I agree with those who sugested that cairo is a bettr place to get Hymenoraphy (not Hymenography) Sorry My Kingdom, "raphy" is a more apropriate expression than Hymenoplasty, since it is most of the time done by suturing the edges of thin mucus flaps from the vulva to function temporartly as a hymen and give the sens of difloration and a stain of blood. (same concept of the surgery named Tarsoraphy) I understand that it is not a well developed procedure in the west bocause no one needs it, but it is much more in practice here in Egypt becuase many seek to do it, they even come from all over the middle east asking for it. Actually there are many techniues to do it. One of the tricky questions in PHD oral exams for Obs&Gyn is techniques of Hymenoraphy. the right ansewr ofcourse is "I don't know", other wise you fail your exam for moral reasons (most reputable doctors consider it a criminal procedure becuase it aimes only to fool and victimize another person).
As for names and contacts for doctors who would agree to do such procedure, I don't think it will be easy to get any over the net. It is already hard to get one in person, so over the net is gonna be more of a metion impossible.

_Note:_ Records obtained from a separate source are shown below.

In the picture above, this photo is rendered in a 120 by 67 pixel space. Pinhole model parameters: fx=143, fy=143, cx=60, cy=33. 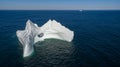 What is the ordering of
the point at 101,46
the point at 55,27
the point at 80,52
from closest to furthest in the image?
the point at 80,52, the point at 101,46, the point at 55,27

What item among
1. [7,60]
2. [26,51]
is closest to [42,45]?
[26,51]

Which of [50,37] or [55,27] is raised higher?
[55,27]

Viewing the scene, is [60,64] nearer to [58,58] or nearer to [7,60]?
[58,58]

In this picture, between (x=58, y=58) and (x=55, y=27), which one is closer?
(x=58, y=58)

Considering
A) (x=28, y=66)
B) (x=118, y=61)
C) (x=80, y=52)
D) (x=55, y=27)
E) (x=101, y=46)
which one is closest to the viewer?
(x=28, y=66)

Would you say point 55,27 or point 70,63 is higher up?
point 55,27

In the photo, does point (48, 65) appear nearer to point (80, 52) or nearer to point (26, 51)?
point (26, 51)

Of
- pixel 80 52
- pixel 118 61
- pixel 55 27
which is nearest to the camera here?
pixel 118 61

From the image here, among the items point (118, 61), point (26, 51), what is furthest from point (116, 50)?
point (26, 51)

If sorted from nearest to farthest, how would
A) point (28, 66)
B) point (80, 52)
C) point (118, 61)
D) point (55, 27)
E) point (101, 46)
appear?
1. point (28, 66)
2. point (118, 61)
3. point (80, 52)
4. point (101, 46)
5. point (55, 27) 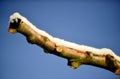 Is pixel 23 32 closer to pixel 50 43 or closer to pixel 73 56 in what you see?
pixel 50 43

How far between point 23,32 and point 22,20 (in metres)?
0.05

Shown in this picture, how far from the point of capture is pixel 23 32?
31.1 inches

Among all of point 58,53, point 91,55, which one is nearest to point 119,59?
point 91,55

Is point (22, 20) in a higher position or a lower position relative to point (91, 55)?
higher

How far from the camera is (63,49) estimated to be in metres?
0.90

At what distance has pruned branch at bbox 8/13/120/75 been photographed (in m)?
0.80

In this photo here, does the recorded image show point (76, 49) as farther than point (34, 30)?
Yes

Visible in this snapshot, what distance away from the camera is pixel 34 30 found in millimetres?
822

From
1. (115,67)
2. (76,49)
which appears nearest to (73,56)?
(76,49)

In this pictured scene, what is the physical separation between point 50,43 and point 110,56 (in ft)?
1.10

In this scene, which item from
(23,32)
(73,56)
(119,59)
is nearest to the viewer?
(23,32)

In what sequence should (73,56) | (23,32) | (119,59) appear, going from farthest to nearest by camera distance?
(119,59)
(73,56)
(23,32)

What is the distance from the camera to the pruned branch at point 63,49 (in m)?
0.80

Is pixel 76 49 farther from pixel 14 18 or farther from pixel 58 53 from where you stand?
pixel 14 18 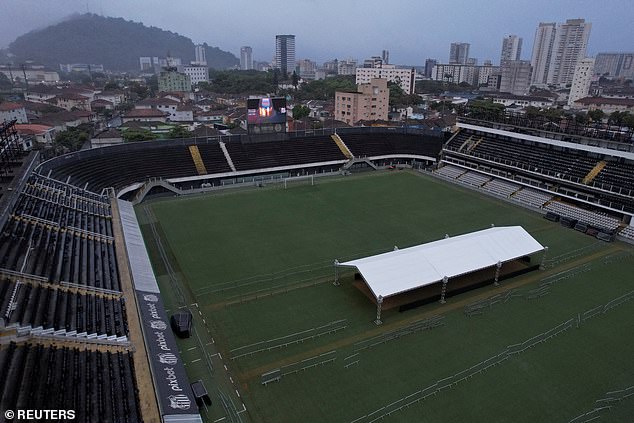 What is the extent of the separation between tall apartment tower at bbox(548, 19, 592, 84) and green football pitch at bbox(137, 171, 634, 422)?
193795 millimetres

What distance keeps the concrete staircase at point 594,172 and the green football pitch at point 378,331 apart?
759 cm

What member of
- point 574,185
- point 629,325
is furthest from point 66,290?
point 574,185

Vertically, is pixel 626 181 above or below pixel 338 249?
above

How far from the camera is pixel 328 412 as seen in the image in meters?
13.3

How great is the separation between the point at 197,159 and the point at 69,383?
32.4 m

One more thing. Virginity is a very important thing both for men and women, we as a middle eastern society appreciate and honer this very much, and it is just as foribben for men as for women. So for the sake of god, to all the men out there, if you are not a virgin, why on earth do u look down on women who are just like you?! it just happens (just happens) that women have something that might prove thier virginity. That doesn't mean that men should enjoy more rights than they are allowed to.


quote:
Originally posted by urgent help required:
I appreciate all of your responses. I read your responses with interest and note that most of you are residing outside of Egypt. Obviously, I feel the same way you guys do, and feel saddened that she feels unable to be honest with the man she plans to spend the rest of her life with.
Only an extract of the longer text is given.